(Short web captions)
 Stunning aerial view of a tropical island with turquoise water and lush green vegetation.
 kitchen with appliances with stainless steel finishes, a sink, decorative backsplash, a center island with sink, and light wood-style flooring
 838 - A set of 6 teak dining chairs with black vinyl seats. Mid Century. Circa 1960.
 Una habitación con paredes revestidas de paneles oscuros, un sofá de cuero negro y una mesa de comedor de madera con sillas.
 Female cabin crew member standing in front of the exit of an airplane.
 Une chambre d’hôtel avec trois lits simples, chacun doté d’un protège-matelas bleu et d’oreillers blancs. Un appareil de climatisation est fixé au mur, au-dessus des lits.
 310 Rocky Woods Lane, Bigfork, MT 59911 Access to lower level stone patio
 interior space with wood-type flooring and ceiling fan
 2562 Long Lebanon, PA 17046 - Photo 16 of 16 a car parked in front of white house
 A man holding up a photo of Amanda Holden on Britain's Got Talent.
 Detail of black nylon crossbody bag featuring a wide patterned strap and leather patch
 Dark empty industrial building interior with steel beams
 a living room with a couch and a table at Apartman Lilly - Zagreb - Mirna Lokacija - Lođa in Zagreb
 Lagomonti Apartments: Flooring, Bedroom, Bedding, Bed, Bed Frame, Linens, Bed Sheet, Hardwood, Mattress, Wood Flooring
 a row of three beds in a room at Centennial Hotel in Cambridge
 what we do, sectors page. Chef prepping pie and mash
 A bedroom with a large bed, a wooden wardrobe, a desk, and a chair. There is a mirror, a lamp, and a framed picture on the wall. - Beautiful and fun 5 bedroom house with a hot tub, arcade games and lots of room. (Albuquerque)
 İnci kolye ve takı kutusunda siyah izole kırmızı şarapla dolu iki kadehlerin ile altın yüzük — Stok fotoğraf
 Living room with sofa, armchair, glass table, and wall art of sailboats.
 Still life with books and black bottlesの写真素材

Your goal
The answer must be the complete set of entries, retyped exactly.

Task answer
 Stunning aerial view of a tropical island with turquoise water and lush green vegetation.
 kitchen with appliances with stainless steel finishes, a sink, decorative backsplash, a center island with sink, and light wood-style flooring
 838 - A set of 6 teak dining chairs with black vinyl seats. Mid Century. Circa 1960.
 Una habitación con paredes revestidas de paneles oscuros, un sofá de cuero negro y una mesa de comedor de madera con sillas.
 Female cabin crew member standing in front of the exit of an airplane.
 Une chambre d’hôtel avec trois lits simples, chacun doté d’un protège-matelas bleu et d’oreillers blancs. Un appareil de climatisation est fixé au mur, au-dessus des lits.
 310 Rocky Woods Lane, Bigfork, MT 59911 Access to lower level stone patio
 interior space with wood-type flooring and ceiling fan
 2562 Long Lebanon, PA 17046 - Photo 16 of 16 a car parked in front of white house
 A man holding up a photo of Amanda Holden on Britain's Got Talent.
 Detail of black nylon crossbody bag featuring a wide patterned strap and leather patch
 Dark empty industrial building interior with steel beams
 a living room with a couch and a table at Apartman Lilly - Zagreb - Mirna Lokacija - Lođa in Zagreb
 Lagomonti Apartments: Flooring, Bedroom, Bedding, Bed, Bed Frame, Linens, Bed Sheet, Hardwood, Mattress, Wood Flooring
 a row of three beds in a room at Centennial Hotel in Cambridge
 what we do, sectors page. Chef prepping pie and mash
 A bedroom with a large bed, a wooden wardrobe, a desk, and a chair. There is a mirror, a lamp, and a framed picture on the wall. - Beautiful and fun 5 bedroom house with a hot tub, arcade games and lots of room. (Albuquerque)
 İnci kolye ve takı kutusunda siyah izole kırmızı şarapla dolu iki kadehlerin ile altın yüzük — Stok fotoğraf
 Living room with sofa, armchair, glass table, and wall art of sailboats.
 Still life with books and black bottlesの写真素材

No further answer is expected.